Quote exactly, and only, the lines of the material below from the line with "Toyota Alphard 2.5 SC Package ปี 2023 สีขาว 1" through the line with "Elegant 5br Retreat Steps From Villa *".
Excerpted data: Begin
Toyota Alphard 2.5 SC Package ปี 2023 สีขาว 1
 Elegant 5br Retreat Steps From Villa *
Excerpted data: End
Excerpted data: Begin
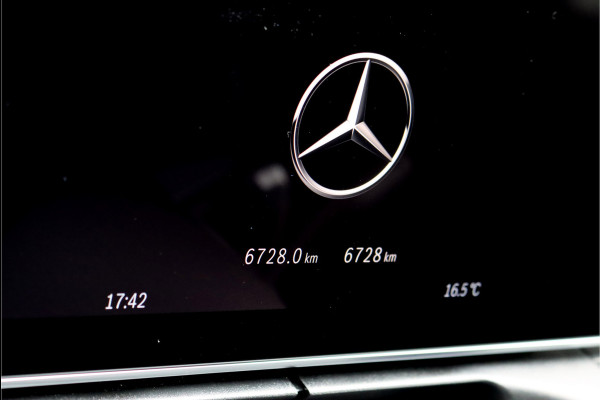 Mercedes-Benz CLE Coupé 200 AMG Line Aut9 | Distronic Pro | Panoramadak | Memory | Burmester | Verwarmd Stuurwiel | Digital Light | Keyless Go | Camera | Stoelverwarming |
Excerpted data: End
Excerpted data: Begin
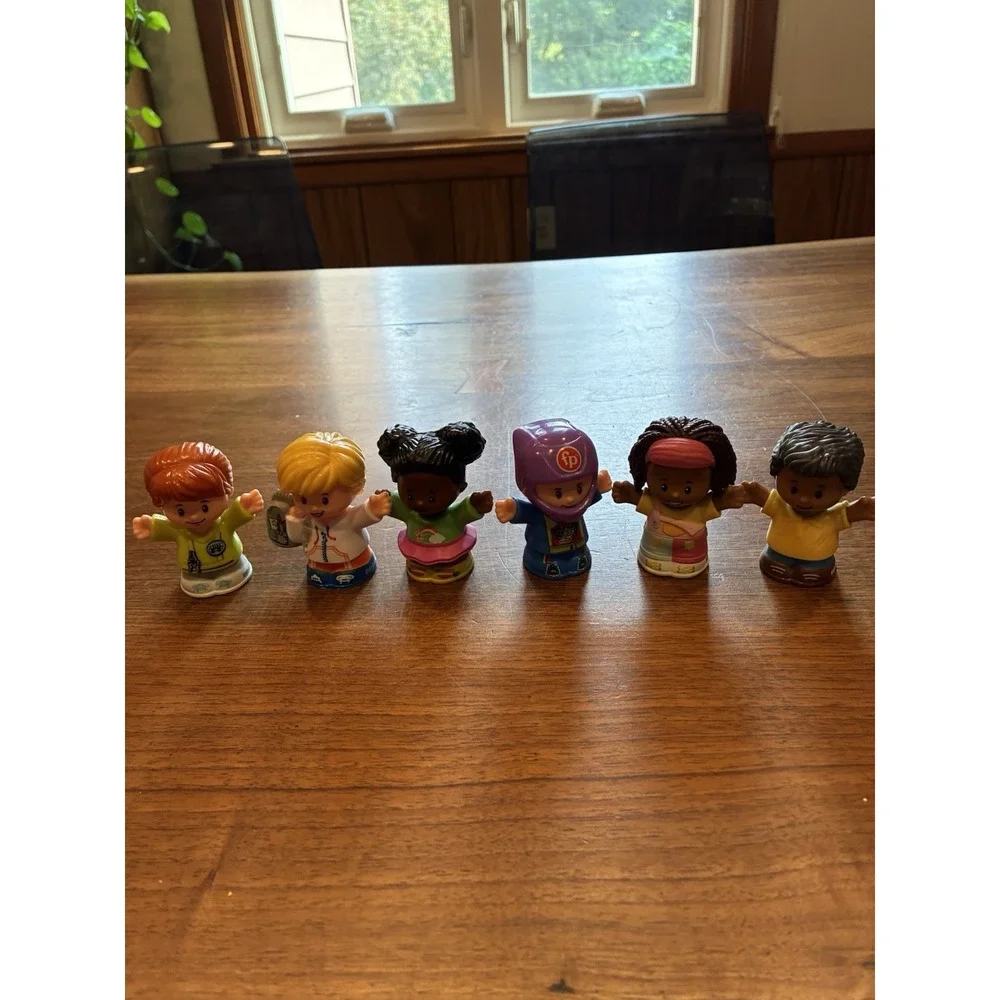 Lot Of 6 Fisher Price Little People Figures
Excerpted data: End
§ Answer to this task
Toyota Alphard 2.5 SC Package ปี 2023 สีขาว 1
 Elegant 5br Retreat Steps From Villa *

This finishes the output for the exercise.